One thing you might notice about the example test suite - it doesn't depend on any imports from DMT at all! This is by design.

Test suites are just a javascript object of a certain shape. This means your usual tooling will work (ie, typechecking) and you're free to generate and compose test suites in whatever way you seem fit.

Declarative

DMT doesn't have global functions like describe, beforeEach, afterEach etc. In fact DMT only has one function - and it runs your tests. The tests themselves are simply trees represented by javascript objects, where the keys are descriptions and the leaf values are es6 arrow functions that return an assertion. This means that test files do not need to reference this library.

Assertions built in

I'm a simple man, and I really only need two assertions - 'equals' for primitives, and 'deepEquals' for arrays and objects.

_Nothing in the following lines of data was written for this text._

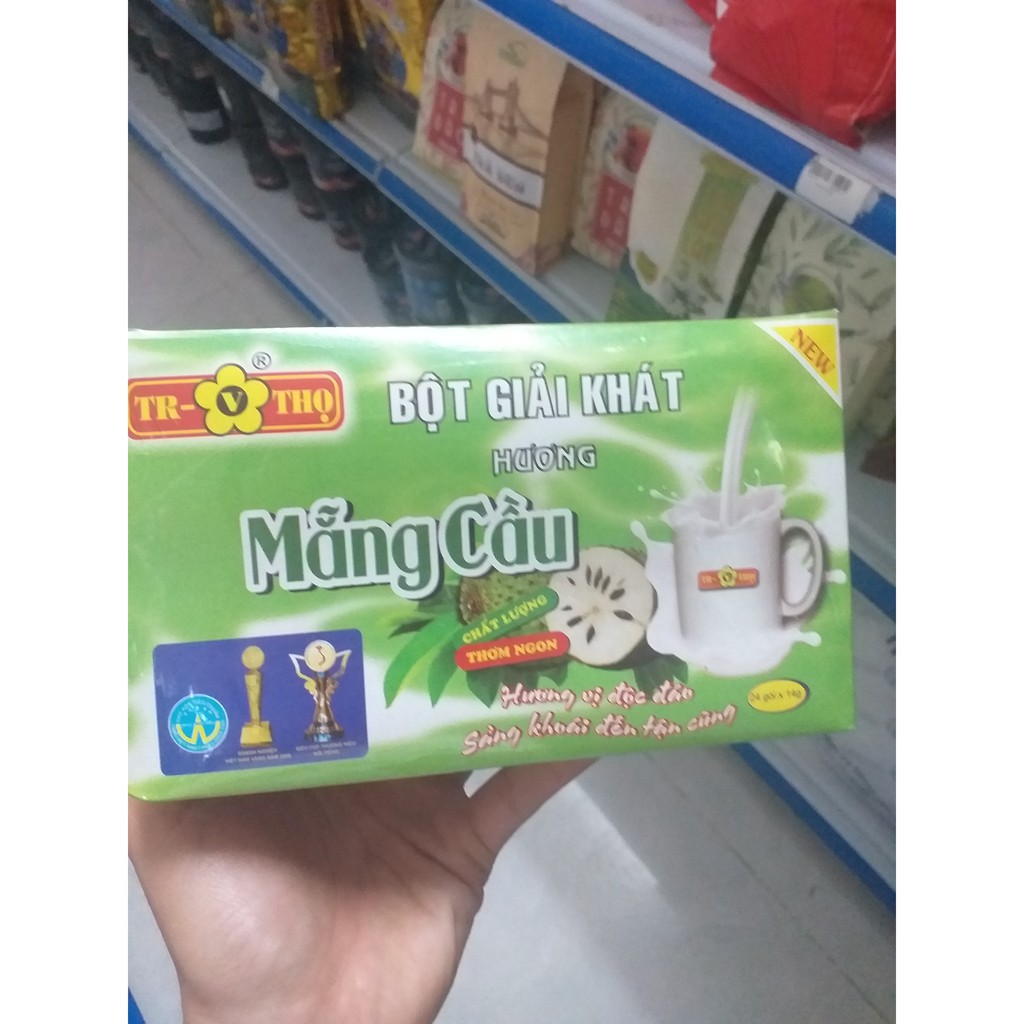 Bột mãng cầu hòa tan Trường Thọ hộp 24 gói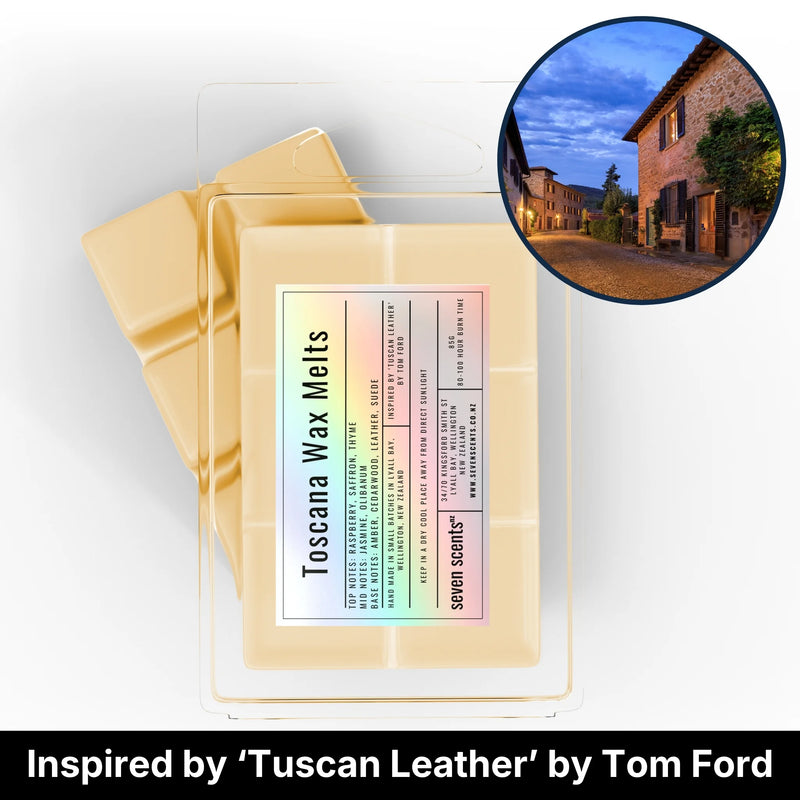 Toscana Wax Melts - toscana soy wax melt by Seven Scents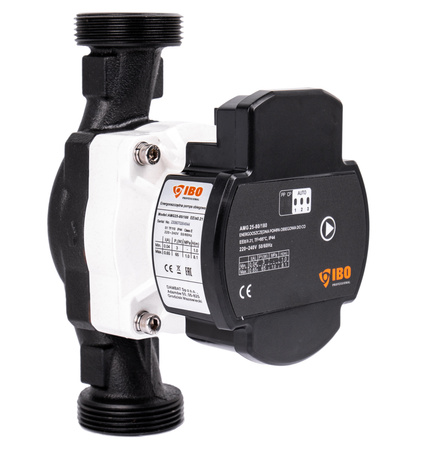 Pompa obiegowa elektroniczna amg energooszczędna 25/80/180 pwm IBO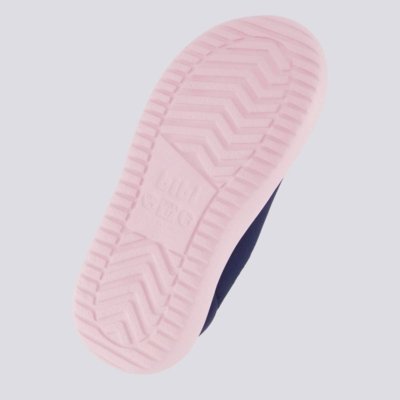 Tênis Bibi Flash Infantil Azul Marinho e Rosa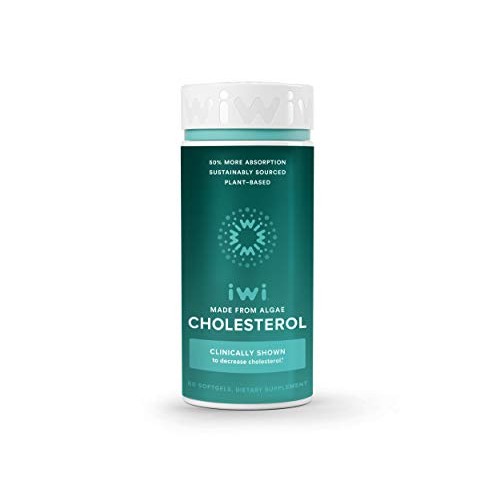 iwi Cholesterol Clinically Proven for Healthy Cholesterol Levels and Supports...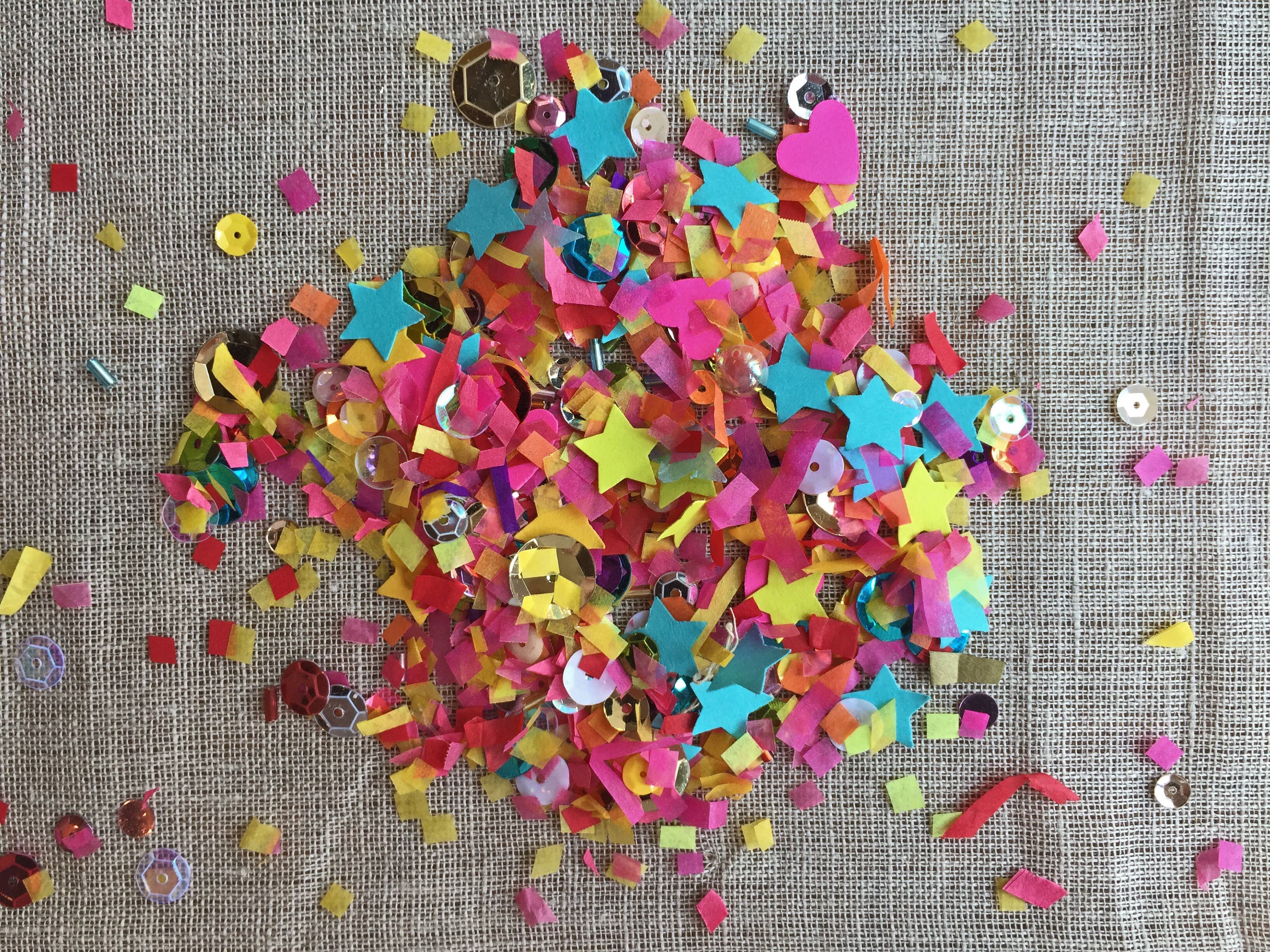 Folk Confetti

Check out the article Rethinking Unit Test Assertions by Eric Elliot.

Doesn't impose a workflow on you.

You decide, when, where, and how you run to tests by passing the test suite to the DMT function

There's no command line switches, or compatability plugins - it's a just a function that you can call whenever you want to

It can automatically run on the browser after webpack is done rebuilding, so it's good for running tests on phones.

FAQ

How do I do teardown and setup?

There are no need for special functions when you have objects and closures already.